The taz has a report on the radical left group KOMITEE. Three guys who tried to bomb an immigration removal jail. This jail was not yet opened. Their intention was to stop it from going into service. All of this happened in the nineties.
They've been on the German most wanted list for 20 years. All three hid in South America, most recently requesting refugee status in Venezuela, where they now live. The report tells the story of a lot of personal hardship on their side as well as on the side of their families.
After 20 years, the prosecutor still refuses to drop the charges, arguing that the statute of limitations does not apply, since the three men formed a terrorist group and prepared to commit a felony. The report features pictures of the guys, who are now in their mid-fifties, clad in T-shirts by the band Irie Revoltes.
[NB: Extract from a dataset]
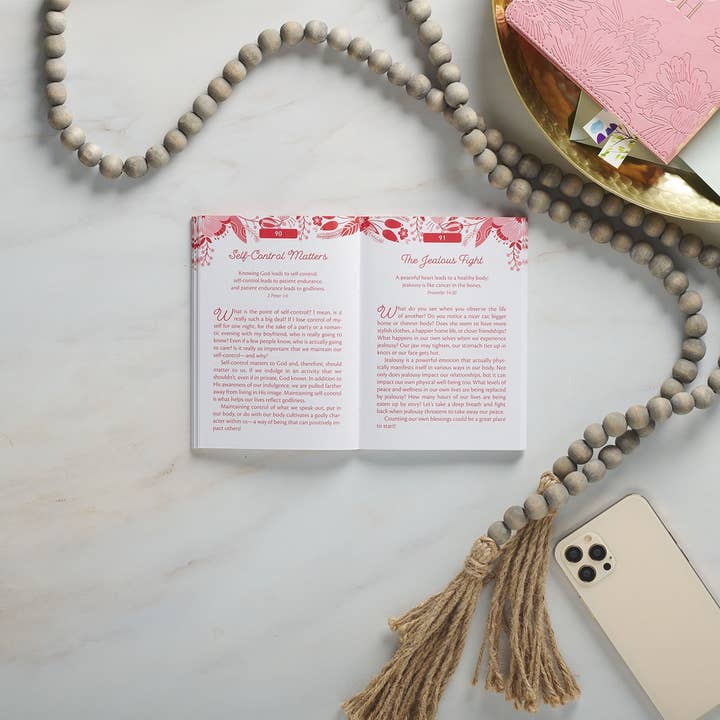 Christian Art Gifts - Wholesale Religion - Mini Devotions for Young Women5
MotherJones has a longer read comparing the German and the U.S. coal industries. Or rather: painting a picture of the last remaining hard-coal mine in Germany. The Ruhr valley, the former industrial heartland of Germany, isn't that bad off, compared to its twin in Appalachia.
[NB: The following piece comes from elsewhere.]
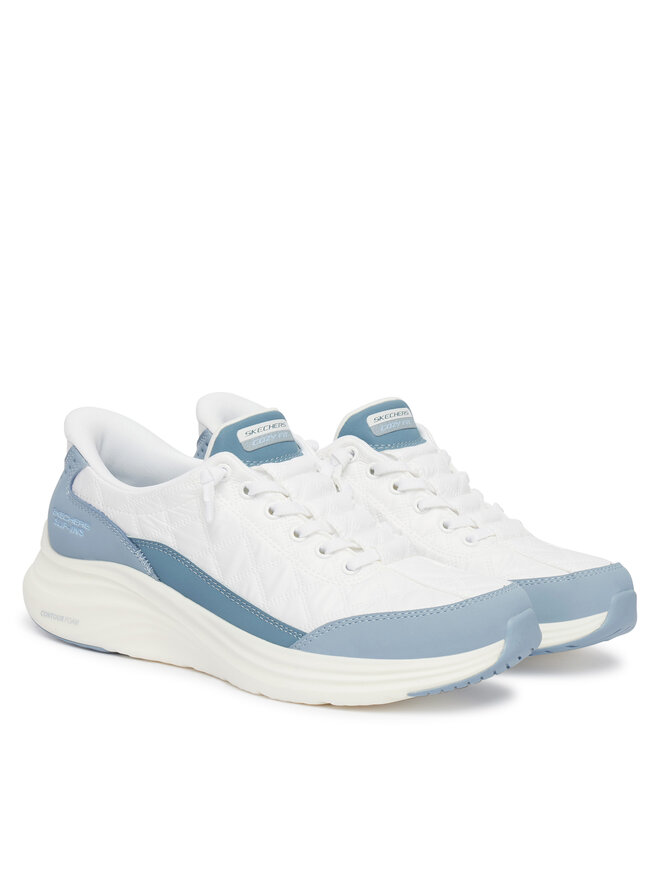 Skechers Sneakers Skechers Contour Foam - Cozy Fit 150404/WLB Bunt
There's a lot of innovation going on in cities like Bottrop, that turned around and made a name for themselves by investing in renewable energy. There's no delusion about the return of coal in Germany.
The taz reports that the police is trying to prove that there was large scale preparation for the G20 protests in Hamburg, that included depositing material like pyrotechnics and black clothes in hidden places. According to them it was all set up in advance and coordinated by the Hamburg left.
Meanwhile Trump got his way at the Supreme Court, the immigration stop for 6 Muslim countries will no longer be delayed. This does not mean it's legal, the court just ruled that the provisions cannot be delayed by the lower courts.
Brexit talks have become very convoluted. When an agreement between London and Brussels had already been found, the DUP of Northern Ireland called Theresa May during a meeting with commission president Juncker, to tell her that they won't agree to anything that gave special status to Northern Ireland. The Irish government labeled this as a collapse of talks to this date. Scottish First Minister Sturgeon had already proposed to find a similar solution for Scotland and mayor Khan had asked for a similar solution for London.
Time is of the essence in the current talks. On December 15 the EU wants to sign the preliminary agreements concerning Brexit. If 27 member states have to find a consensus and sign this paper, there is hardly any time left to complete the preliminary talks and send the paper to the members.
The DUP can sabotage any talks, because they're in power in Norther Ireland and also tolerate Mays government in the UK parliament. Without the DUP there will be no solution to the question of the future borders between Ireland and Northern Ireland.